やぶにらみ科学論/池田清彦

やぶにらみ科学論 (ちくま新書)』を読んだよ。原理主義が大嫌い?

久しぶりの池田先生。「ちくま」に連載されたエッセイを中心にまとめたもの。いつものように池田節が炸裂だけど、よくよく考えてみると非常に常識的だったり、他の人も同じようなことを他で言っていたり。当たり前のことを当たり前のように言う人が少ないのかもね。

最初に定義。「好コントロール装置」という池田先生の造語。で、

近代国家は好コントロール装置である。この装置の欲望は、世界を人々の生死まで含めコントロールしたいということに尽きる。
と言う。そこで、いろいろな事例を取り上げて、好コントロール装置の悪事?を暴いているよ。
例えば、同時多発テロ。国家にとって、それにより多くの人が亡くなったことより、それがコントロール不能だったことに衝撃だったと。逆に交通事故は毎年1万人程度の人達が亡くなっているが、これは予測可能の範囲だから、好コントロール装置が慌てることはない。1万人も亡くなっているのに、自動車禁止にはならないからね。禁煙キャンペーンもしかり。世の中にはお節介が多いと池田先生は嘆く。

池田先生の嘆きは教育論にも及ぶよ。
小学校から大学にいたるまで、わかる授業をせよという圧力が満ちている日本の教育では、大半の若者はバカになるよりないと言い、

人は自分で悟る以外は、あらかじめわかることしかわからないのだから、わかる授業しかするな、ということは、難しいことは教えるな、というに等しい。<中略>難しいことは難しいままに悟る他はないのだ。
というのがその理由。「わかることしかわからない」とは、確か外山先生も言っていたような。そして、わかることがわかっても知識に何も得られないということも。わからないことがわかるようになるには、精神の緊張を伴うのだけれども、それを忌避するのが現代人なんだよね。アッシも含めて。

池田先生の批判する原理主義をもうひとつ。
それは知的能力平等原理主義。それは、子供はみんなキラキラした才能を持った天才である。それが大人になって凡人になってしまうのは、才能をうまく引き出せなかった教育や周りの大人が悪いのだ…という言説。これが、1960年代からはじまった高等教育機関の定員増の背景であると。

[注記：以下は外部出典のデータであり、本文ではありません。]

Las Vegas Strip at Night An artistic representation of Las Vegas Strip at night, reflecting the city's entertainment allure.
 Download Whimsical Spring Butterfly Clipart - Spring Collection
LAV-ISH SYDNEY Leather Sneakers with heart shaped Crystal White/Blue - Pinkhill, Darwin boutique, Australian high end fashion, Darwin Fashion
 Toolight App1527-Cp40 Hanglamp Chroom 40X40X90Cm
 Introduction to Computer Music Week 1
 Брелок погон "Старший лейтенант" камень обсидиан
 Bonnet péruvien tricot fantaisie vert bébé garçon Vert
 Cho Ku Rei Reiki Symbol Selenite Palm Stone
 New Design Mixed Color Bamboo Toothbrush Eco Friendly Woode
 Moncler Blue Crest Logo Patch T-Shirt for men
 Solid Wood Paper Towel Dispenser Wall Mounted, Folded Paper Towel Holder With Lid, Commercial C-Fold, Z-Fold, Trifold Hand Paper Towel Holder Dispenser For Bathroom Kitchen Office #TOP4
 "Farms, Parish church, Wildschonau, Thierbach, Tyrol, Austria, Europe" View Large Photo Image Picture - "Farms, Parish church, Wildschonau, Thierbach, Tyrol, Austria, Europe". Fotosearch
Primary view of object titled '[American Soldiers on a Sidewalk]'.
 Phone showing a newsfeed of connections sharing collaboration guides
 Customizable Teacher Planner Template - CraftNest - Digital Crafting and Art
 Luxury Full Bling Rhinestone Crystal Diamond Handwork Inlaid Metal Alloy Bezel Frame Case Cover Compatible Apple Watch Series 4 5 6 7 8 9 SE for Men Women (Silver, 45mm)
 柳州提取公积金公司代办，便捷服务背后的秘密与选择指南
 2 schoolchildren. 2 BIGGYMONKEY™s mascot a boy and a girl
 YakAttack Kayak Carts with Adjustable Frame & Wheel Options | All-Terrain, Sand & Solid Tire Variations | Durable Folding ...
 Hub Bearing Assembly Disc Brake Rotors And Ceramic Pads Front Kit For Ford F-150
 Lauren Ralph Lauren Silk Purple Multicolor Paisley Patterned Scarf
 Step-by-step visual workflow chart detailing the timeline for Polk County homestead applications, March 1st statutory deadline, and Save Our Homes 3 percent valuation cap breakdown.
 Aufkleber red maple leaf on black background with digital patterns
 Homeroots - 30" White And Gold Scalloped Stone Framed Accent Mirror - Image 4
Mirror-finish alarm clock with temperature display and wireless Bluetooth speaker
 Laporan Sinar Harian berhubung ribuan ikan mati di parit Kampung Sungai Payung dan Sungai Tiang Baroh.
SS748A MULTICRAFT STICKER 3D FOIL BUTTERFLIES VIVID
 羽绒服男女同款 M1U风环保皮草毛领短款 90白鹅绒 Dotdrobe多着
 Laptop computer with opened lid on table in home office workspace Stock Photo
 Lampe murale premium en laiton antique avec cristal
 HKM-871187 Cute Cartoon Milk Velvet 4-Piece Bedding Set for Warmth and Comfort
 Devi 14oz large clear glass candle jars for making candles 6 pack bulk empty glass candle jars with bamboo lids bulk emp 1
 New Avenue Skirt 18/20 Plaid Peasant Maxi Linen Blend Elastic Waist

文部省の官僚は、実は隠れ共産主義者(それも幼稚な)だったのかも知れない。
と過激な発言で締めくくる。でも、文部省の役人がどうだかという話は別にして、あの定員増は実質的に何をもたらしたのかなぁ〜。その結果、残ったのは負の遺産ばかりだったりして。負の遺産を維持できるなら、まだいいほう。大学倒産の時代に突入しているわけだから。

虫好きという共通点から、論調が養老先生に近いけど、誰もが現代ニッポンを憂いているのは事実。池田先生のように批判的な精神は忘れたくないね。